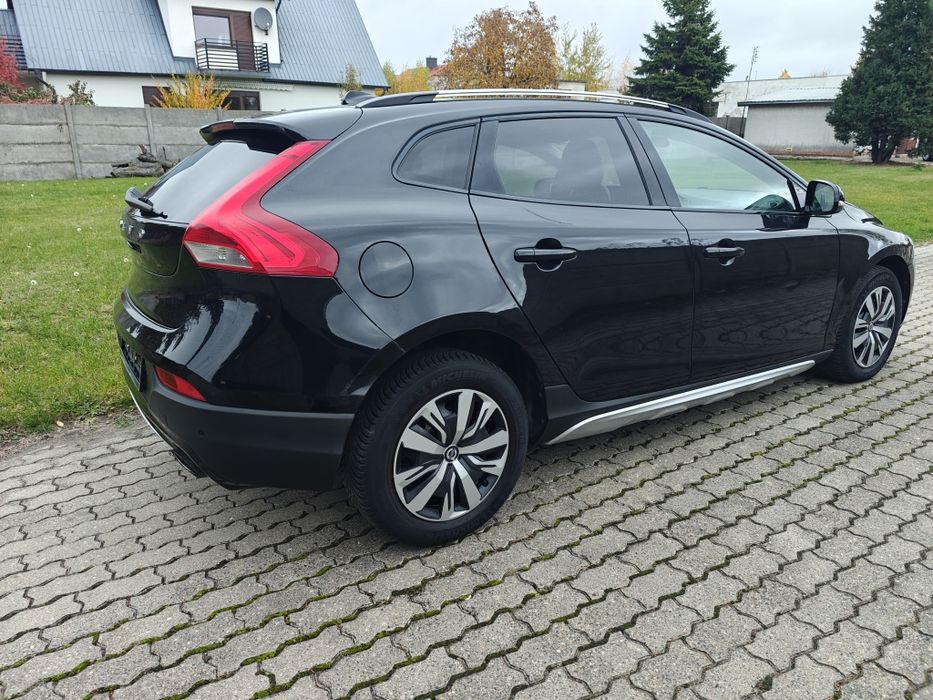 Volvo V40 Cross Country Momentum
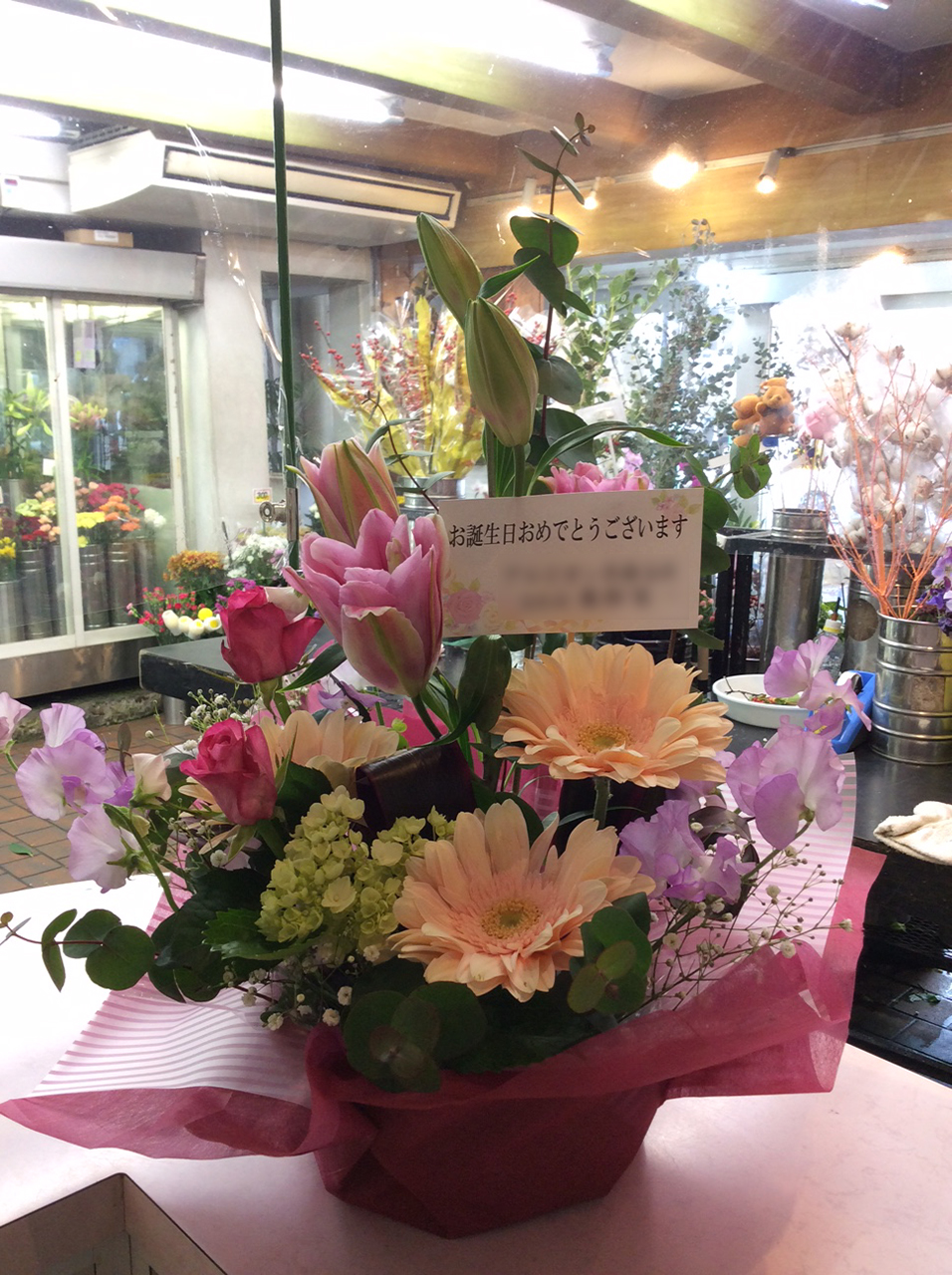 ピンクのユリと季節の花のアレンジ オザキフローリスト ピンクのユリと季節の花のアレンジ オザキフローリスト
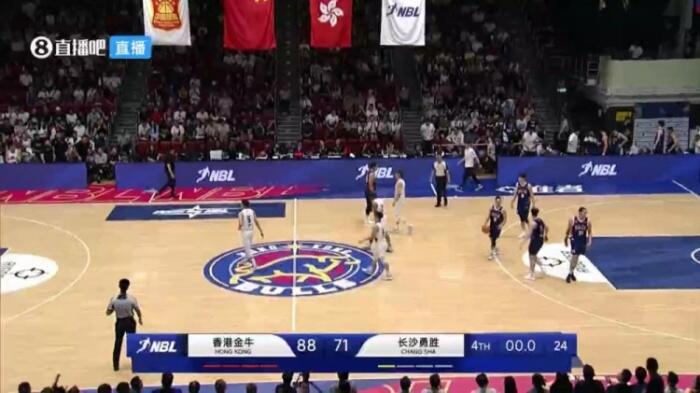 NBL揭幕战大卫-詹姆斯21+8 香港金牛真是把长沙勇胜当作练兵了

▸ **Work to complete**: The expected answer is the full listing above, transcribed exactly and without pictures.

▸ **Result**:
 Volvo V40 Cross Country Momentum
 ピンクのユリと季節の花のアレンジ オザキフローリスト ピンクのユリと季節の花のアレンジ オザキフローリスト
 NBL揭幕战大卫-詹姆斯21+8 香港金牛真是把长沙勇胜当作练兵了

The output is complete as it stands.